Dataset excerpts →
»»

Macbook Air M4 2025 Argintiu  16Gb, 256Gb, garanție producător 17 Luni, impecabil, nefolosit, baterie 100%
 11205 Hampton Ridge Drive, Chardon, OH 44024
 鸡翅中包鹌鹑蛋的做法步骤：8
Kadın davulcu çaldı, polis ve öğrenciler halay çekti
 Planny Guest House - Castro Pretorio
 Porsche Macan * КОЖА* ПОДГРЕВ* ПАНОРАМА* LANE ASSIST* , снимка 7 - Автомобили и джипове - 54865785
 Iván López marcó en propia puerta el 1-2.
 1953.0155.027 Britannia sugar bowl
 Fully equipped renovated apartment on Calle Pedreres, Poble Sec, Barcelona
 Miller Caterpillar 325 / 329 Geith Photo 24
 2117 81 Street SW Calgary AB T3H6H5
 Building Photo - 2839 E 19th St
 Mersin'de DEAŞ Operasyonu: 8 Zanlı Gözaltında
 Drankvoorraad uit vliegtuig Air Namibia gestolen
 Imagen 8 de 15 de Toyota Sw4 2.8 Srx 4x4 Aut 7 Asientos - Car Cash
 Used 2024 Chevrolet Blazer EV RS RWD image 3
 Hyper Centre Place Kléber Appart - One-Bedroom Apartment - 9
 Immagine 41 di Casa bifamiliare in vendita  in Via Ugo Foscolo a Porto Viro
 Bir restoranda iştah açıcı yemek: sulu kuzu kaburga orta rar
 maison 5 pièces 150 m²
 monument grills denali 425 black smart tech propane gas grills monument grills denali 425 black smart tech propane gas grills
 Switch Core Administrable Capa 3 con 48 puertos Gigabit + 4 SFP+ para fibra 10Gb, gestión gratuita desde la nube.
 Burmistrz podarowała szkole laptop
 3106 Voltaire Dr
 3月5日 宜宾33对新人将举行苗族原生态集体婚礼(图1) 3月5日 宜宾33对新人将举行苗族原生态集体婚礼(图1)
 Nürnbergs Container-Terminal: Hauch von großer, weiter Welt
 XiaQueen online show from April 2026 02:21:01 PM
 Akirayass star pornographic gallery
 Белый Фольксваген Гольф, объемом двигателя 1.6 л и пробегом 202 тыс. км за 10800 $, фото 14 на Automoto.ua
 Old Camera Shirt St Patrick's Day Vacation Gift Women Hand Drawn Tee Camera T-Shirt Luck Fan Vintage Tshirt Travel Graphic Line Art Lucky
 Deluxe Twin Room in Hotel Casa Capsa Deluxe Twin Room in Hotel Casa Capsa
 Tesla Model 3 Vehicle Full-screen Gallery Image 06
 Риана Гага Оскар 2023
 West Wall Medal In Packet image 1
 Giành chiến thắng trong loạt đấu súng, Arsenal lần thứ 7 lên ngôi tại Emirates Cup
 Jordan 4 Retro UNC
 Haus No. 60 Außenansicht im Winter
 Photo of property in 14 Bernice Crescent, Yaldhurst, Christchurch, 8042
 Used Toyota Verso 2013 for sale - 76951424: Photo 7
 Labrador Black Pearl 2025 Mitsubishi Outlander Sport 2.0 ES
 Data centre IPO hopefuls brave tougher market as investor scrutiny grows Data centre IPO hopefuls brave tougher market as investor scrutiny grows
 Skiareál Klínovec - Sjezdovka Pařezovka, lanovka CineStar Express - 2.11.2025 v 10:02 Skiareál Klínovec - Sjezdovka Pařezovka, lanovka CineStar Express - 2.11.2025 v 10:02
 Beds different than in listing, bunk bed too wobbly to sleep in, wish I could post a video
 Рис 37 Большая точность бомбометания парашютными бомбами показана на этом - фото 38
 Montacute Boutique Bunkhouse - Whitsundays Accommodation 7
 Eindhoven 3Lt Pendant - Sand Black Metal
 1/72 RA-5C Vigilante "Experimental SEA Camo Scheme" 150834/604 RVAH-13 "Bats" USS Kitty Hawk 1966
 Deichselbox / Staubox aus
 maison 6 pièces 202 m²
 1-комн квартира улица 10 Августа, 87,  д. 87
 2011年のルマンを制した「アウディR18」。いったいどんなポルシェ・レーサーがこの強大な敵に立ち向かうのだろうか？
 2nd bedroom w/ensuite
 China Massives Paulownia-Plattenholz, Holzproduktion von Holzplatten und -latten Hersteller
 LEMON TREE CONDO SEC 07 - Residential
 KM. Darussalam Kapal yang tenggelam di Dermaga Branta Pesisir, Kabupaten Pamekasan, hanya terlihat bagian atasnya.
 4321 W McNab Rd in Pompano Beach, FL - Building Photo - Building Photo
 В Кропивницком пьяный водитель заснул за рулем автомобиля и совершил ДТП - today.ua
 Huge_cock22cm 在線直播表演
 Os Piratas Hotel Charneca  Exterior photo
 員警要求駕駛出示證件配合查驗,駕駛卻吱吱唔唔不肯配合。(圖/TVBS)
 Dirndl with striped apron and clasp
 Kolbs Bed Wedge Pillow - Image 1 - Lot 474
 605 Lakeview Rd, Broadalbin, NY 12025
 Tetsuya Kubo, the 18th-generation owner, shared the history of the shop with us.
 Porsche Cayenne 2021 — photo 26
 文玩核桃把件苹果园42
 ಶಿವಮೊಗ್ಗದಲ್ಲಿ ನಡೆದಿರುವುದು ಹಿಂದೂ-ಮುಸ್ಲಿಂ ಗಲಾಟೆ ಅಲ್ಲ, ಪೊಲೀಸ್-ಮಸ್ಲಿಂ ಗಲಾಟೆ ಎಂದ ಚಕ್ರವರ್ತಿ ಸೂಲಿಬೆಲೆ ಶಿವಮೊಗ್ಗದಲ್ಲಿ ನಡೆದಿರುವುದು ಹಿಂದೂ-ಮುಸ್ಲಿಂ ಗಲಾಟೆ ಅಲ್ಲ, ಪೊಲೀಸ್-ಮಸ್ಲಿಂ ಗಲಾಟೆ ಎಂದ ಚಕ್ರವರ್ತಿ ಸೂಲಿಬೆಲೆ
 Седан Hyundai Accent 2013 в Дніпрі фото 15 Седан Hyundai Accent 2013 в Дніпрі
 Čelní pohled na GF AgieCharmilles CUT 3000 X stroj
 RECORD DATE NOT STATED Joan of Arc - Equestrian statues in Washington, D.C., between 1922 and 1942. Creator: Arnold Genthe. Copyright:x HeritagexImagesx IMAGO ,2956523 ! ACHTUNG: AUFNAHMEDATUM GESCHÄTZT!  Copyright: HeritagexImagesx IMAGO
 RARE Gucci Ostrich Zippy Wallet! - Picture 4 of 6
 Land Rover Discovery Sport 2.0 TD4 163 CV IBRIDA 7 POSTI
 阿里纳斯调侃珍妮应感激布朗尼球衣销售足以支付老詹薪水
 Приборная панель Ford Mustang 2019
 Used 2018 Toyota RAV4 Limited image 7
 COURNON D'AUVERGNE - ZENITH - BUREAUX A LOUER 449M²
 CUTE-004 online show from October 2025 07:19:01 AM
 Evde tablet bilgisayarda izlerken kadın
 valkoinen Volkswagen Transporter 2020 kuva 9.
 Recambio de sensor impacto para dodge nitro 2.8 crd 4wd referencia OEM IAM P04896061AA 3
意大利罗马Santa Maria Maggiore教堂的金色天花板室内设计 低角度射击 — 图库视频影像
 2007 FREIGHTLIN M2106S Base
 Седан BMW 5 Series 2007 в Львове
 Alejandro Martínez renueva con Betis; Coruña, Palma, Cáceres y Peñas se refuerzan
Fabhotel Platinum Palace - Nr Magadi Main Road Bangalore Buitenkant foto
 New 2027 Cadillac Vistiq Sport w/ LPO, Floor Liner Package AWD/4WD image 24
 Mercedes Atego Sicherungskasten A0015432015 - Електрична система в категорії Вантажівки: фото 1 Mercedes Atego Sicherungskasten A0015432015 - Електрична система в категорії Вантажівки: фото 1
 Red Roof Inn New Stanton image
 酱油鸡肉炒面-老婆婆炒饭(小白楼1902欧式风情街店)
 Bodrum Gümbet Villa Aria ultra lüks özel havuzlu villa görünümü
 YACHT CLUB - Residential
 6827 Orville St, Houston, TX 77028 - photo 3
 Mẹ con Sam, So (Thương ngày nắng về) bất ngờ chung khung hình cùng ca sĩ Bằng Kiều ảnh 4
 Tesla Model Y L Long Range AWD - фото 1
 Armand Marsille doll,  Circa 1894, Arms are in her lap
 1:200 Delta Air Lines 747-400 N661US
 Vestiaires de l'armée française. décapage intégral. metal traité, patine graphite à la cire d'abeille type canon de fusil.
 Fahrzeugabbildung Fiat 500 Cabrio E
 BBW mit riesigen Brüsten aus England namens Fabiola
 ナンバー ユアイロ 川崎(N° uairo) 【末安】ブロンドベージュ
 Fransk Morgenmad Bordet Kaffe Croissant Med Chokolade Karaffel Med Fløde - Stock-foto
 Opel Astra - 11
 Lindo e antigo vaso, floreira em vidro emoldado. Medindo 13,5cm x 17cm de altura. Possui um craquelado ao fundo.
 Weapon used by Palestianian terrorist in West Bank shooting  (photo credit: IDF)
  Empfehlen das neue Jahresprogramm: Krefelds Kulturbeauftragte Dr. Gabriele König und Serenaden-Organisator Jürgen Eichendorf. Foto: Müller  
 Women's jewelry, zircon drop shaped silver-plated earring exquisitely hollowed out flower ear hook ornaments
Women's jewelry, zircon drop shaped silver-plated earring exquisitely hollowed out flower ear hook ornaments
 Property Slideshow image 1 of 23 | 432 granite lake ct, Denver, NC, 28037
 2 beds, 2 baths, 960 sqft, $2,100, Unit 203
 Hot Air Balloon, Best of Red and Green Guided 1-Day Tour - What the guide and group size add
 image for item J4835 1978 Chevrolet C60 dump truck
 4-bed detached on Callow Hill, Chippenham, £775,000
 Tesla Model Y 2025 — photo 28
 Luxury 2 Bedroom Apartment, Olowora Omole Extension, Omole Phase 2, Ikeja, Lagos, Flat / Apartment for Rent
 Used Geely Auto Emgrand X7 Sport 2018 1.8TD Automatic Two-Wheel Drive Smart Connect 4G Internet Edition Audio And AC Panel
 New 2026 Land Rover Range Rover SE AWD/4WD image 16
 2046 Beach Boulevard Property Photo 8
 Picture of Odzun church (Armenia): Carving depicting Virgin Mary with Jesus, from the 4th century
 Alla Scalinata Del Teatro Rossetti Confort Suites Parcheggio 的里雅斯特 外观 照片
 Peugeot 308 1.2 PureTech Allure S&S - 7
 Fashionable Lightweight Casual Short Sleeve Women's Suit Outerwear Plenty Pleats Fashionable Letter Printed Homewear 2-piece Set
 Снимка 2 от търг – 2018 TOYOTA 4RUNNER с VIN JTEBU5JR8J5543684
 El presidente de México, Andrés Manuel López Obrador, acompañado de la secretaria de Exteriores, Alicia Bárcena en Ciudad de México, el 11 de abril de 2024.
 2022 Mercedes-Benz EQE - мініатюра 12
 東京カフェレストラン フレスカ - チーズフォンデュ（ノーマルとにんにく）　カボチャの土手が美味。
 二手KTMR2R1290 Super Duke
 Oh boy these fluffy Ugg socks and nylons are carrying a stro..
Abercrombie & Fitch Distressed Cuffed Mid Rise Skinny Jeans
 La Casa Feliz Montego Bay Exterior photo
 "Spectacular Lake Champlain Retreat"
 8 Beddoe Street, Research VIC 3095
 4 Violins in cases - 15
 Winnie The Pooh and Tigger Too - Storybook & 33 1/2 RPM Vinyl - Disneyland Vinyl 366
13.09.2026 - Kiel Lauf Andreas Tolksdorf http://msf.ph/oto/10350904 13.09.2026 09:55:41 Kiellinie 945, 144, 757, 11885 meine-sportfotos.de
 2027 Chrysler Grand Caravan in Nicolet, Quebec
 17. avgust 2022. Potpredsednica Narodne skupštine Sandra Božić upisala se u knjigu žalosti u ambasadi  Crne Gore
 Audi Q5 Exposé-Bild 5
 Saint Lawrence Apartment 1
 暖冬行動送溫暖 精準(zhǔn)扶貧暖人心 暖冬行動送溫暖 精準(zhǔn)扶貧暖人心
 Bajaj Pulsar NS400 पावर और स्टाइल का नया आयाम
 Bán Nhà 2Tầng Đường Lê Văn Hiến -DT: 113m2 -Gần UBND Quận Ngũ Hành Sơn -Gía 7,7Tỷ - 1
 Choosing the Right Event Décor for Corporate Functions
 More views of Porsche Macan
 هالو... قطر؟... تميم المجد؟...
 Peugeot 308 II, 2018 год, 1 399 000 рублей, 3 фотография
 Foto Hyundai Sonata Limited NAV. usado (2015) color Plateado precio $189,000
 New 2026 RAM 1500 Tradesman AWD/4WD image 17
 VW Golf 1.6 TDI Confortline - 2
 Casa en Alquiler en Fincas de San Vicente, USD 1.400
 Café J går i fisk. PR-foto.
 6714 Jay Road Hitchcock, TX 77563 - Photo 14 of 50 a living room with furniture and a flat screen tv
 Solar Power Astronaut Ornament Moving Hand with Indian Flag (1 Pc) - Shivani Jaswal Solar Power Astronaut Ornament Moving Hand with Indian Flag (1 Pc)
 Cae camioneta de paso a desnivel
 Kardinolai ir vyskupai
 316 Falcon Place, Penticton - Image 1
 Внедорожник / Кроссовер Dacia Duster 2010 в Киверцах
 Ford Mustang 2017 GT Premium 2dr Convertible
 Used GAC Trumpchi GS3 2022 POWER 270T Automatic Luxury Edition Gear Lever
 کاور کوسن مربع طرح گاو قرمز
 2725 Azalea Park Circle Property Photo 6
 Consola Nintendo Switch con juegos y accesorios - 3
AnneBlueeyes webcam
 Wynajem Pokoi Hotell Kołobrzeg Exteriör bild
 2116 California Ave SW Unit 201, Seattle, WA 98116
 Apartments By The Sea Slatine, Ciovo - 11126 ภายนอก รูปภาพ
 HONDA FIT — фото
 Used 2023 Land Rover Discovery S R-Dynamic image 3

««

WHAT THIS TASK INVOLVES → Please copy, exactly and with nothing else, the lines above beginning at the line that has "Mẹ con Sam, So" and ending with the line that has "Used Geely Auto".

ANSWER SPACE →
 Mẹ con Sam, So (Thương ngày nắng về) bất ngờ chung khung hình cùng ca sĩ Bằng Kiều ảnh 4
 Tesla Model Y L Long Range AWD - фото 1
 Armand Marsille doll,  Circa 1894, Arms are in her lap
 1:200 Delta Air Lines 747-400 N661US
 Vestiaires de l'armée française. décapage intégral. metal traité, patine graphite à la cire d'abeille type canon de fusil.
 Fahrzeugabbildung Fiat 500 Cabrio E
 BBW mit riesigen Brüsten aus England namens Fabiola
 ナンバー ユアイロ 川崎(N° uairo) 【末安】ブロンドベージュ
 Fransk Morgenmad Bordet Kaffe Croissant Med Chokolade Karaffel Med Fløde - Stock-foto
 Opel Astra - 11
 Lindo e antigo vaso, floreira em vidro emoldado. Medindo 13,5cm x 17cm de altura. Possui um craquelado ao fundo.
 Weapon used by Palestianian terrorist in West Bank shooting  (photo credit: IDF)
  Empfehlen das neue Jahresprogramm: Krefelds Kulturbeauftragte Dr. Gabriele König und Serenaden-Organisator Jürgen Eichendorf. Foto: Müller  
 Women's jewelry, zircon drop shaped silver-plated earring exquisitely hollowed out flower ear hook ornaments
Women's jewelry, zircon drop shaped silver-plated earring exquisitely hollowed out flower ear hook ornaments
 Property Slideshow image 1 of 23 | 432 granite lake ct, Denver, NC, 28037
 2 beds, 2 baths, 960 sqft, $2,100, Unit 203
 Hot Air Balloon, Best of Red and Green Guided 1-Day Tour - What the guide and group size add
 image for item J4835 1978 Chevrolet C60 dump truck
 4-bed detached on Callow Hill, Chippenham, £775,000
 Tesla Model Y 2025 — photo 28
 Luxury 2 Bedroom Apartment, Olowora Omole Extension, Omole Phase 2, Ikeja, Lagos, Flat / Apartment for Rent
 Used Geely Auto Emgrand X7 Sport 2018 1.8TD Automatic Two-Wheel Drive Smart Connect 4G Internet Edition Audio And AC Panel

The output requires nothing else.